We gated off our kitchen and dining area. The two rooms are together, an open space and we put gates in the two openings to these rooms. Ricky had his crate but no x-pen. I, like Helen, had my eyes on him ALL the time. So much so, that I didn't even take the time to make phone calls or get on the computer very often. lol We went outdoors 30x/day, at least!

Knowing what I know now, though, I'd have an x-pen and/or a smaller area for a puppy to roam and play in. The two rooms were too much space for Ricky and he often peed in the kitchen behind the counter where we couldn't always see him.

One great way of leaving him outside the x-pen and still go about your business, or your wife's, is to tether him to your waist. It's called umbilical leashing and so wherever you go, the pup goes. He can still play while you sit somewhere, or while you're doing dishes, making dinner... but he can't wander off to some corner of the room and do his business. You will 'catch' him, should he not ask for the litter or the door, about 95% of the time since he'll be right there.

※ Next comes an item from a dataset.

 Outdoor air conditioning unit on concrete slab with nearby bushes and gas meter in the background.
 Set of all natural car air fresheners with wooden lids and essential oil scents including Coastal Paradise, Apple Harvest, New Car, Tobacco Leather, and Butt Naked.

There is info on this type of housetraining : http://www.homevet.com/petcare/puppy3.html#cord

here too: http://www.cal.net/~pamgreen/noonehomehousebreak.html , as well as tips for when you are not at home.

Take things one day at a time and make sure you have plenty of paper towels and a cleanser that will eliminate the smell of urine (so he doesn't get tempted to go to the same spots all the time). I have never bought so much paper towel as I have since we had Ricky last Sept.!!! :biggrin1:


----------



## Julie (Feb 8, 2007)

Hang in there Derek!It will come.......:biggrin1:


----------



## Havtahava (Aug 20, 2006)

This doesn't help with training, but if you ever want him to have free run and you can't watch every second, you can put a belly band on him. I have purchased belly bands from many seamstresses and vendors over the years, but my favorite bands come from a woman named Penny that I found on eBay who makes a soft flannel lined belly band and gives the proceeds to her favorite rescue. Her eBay user name is zpenny1, but you can email her directly at [email protected] with the measurement of your puppy's belly circumfrence. She sells them in sets of two for $10 for free shipping in the U.S. (well, that was before the postage hike again, so check on the price to be sure). Since you're in Ontario, it may be worthwhile to find someone up there to save on shipping.


----------



## radar_jones (May 6, 2007)

As Soon as we started to watch him and keep him in the ex-pen for part of the day he had no accidents. In the morning we are going to keep him in the pen for a good 30 minutes to make sure he's completely done going poop. He's had repeat poops ten-fifteen minutes after going the first time so we have him in there until he's really done. Then he gets out for some playime. My Wife is adamant now about really watching him. I told her maye she should put him in the kitchen and cloe it in which is just off the dining room then she can see him from her peripheral vision. See he lays below her under the dining room table and he snuck over to where the pen was but couldn't get into it and went on the floor. He's not reliable to really be let out on his own at all even when he's got access to the ex-pen. He went the other day on the floor and the ex-pen was completely accessible to him. He went on the floor beside it but not in it. It's reicky sometimes because she has book work to do at home and it's hard for her to keep an eye on him ALL the time. She just can't so it's in the pen when she can't watch and she'll have him out for play time periodically throughout the day. Anyone have any thoughts about a bell attached to the ex-pen........:suspicious: ?

Derek


----------



## radar_jones (May 6, 2007)

Yeah I hear ya. Well I really like the ex-pen method. It's time consuming but I think it's the best way because it teaches them to go in the box and then they get to earn the extra space and then a little more and a little more and then they get out for playtime and back in for potty. The only tricky part is seeing wether or not they get it when the are out for playtime and know to go back to potty when they have to go. 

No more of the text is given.